**Given entries**.

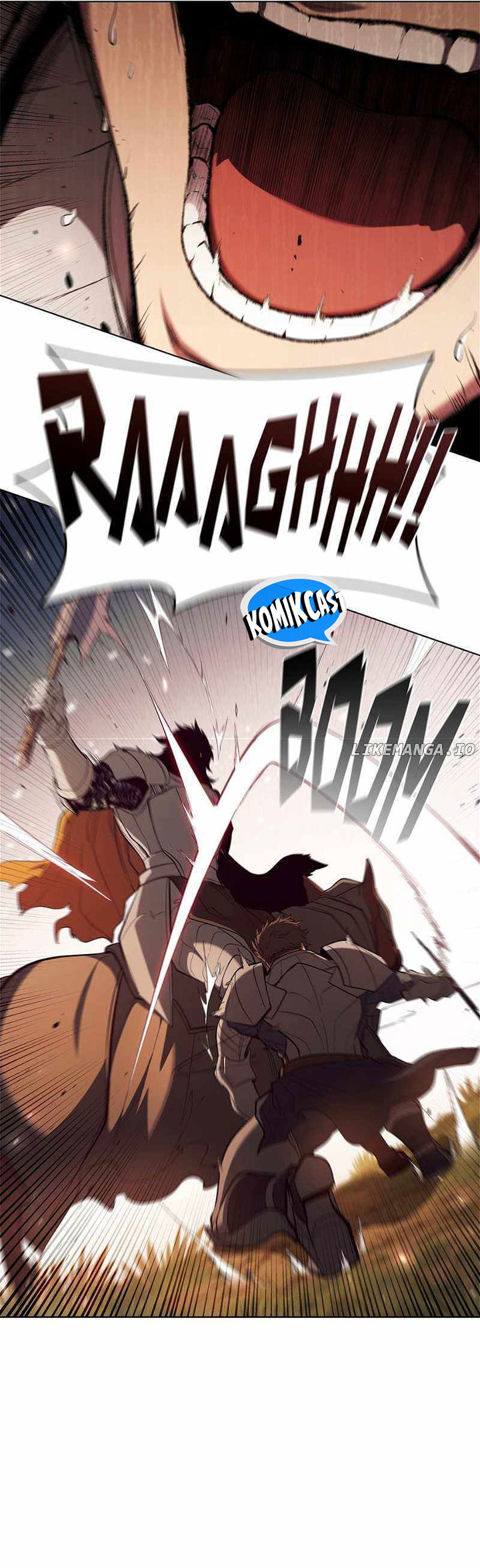 I Regressed As The Duke Chapter 104 Gambar 45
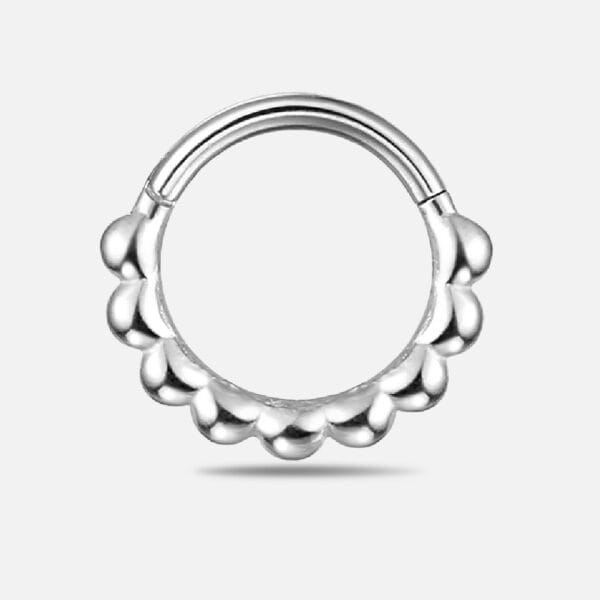 16G 8mm Nose Rings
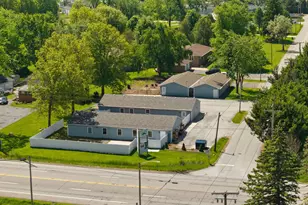 1147 N Salt Creek Rd, Chesterton, IN 46304 - Photo 1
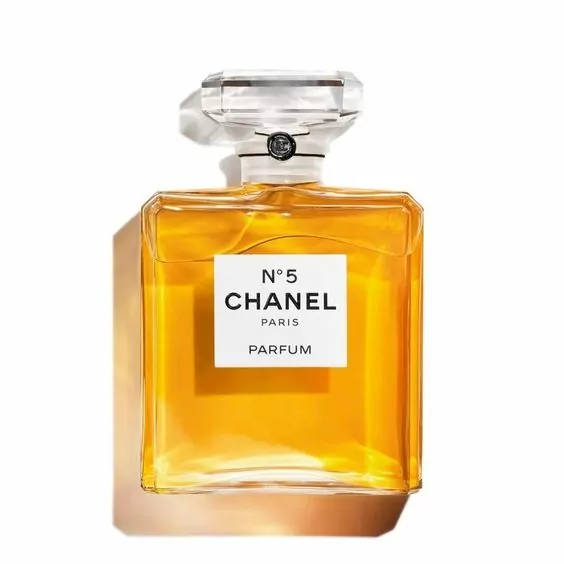 Most prominent perfume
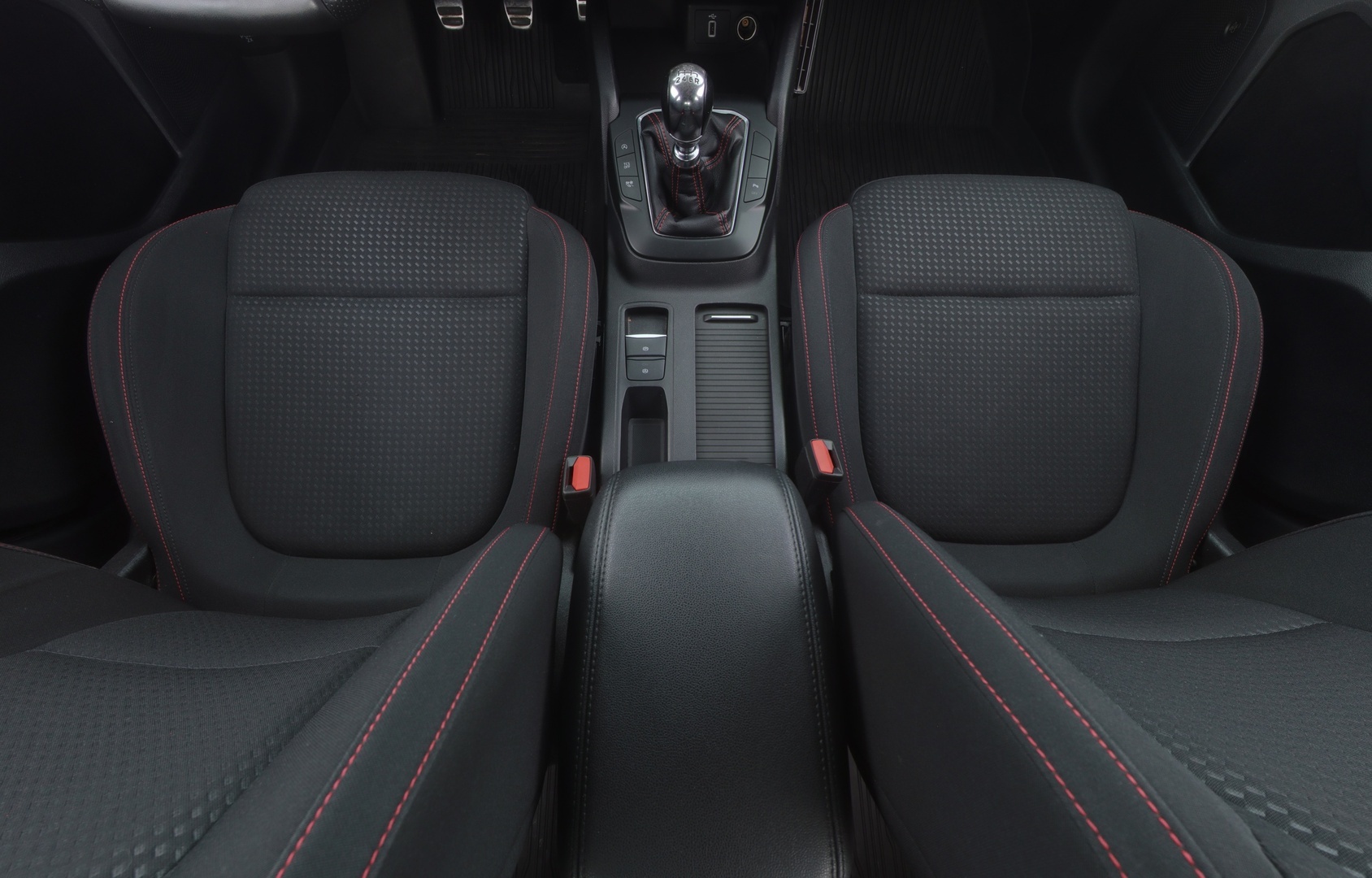 FORD Focus 2019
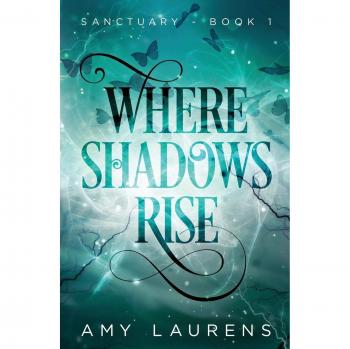 Where Shadows Rise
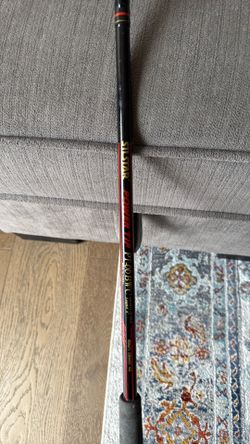Silstar Power Tip Rod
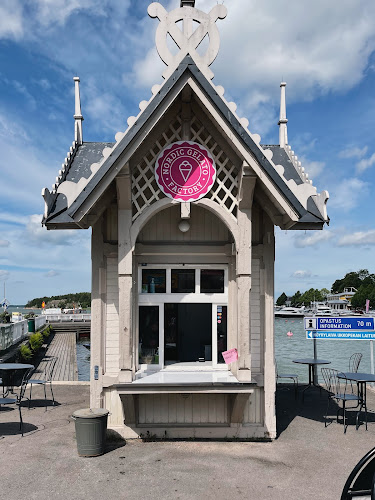 Nordic Gelato Factory - Naantali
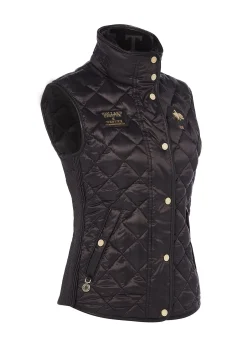 Best Carl Hester Gilet Women Gilets|Gilets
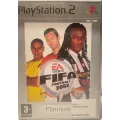 FIFA Football 2003 [Platinum]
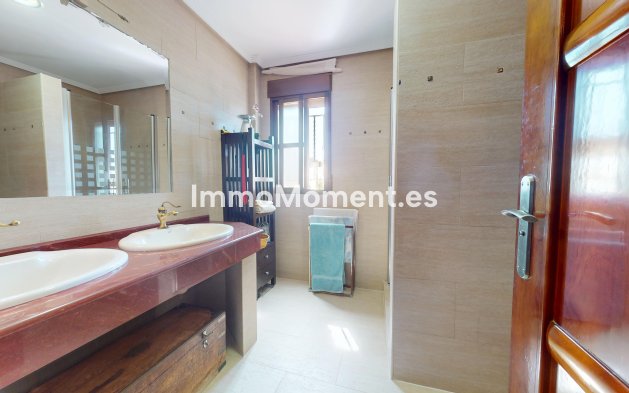 New Build - Detached villa - Águilas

**Your objective**. The line containing "Most prominent perfume" marks the start: set down exactly that line and every line after it through the last line of the data, without any pictures.

**Output of the exercise**.
 Most prominent perfume
 FORD Focus 2019
 Where Shadows Rise
Silstar Power Tip Rod
 Nordic Gelato Factory - Naantali
 Best Carl Hester Gilet Women Gilets|Gilets
 FIFA Football 2003 [Platinum]
 New Build - Detached villa - Águilas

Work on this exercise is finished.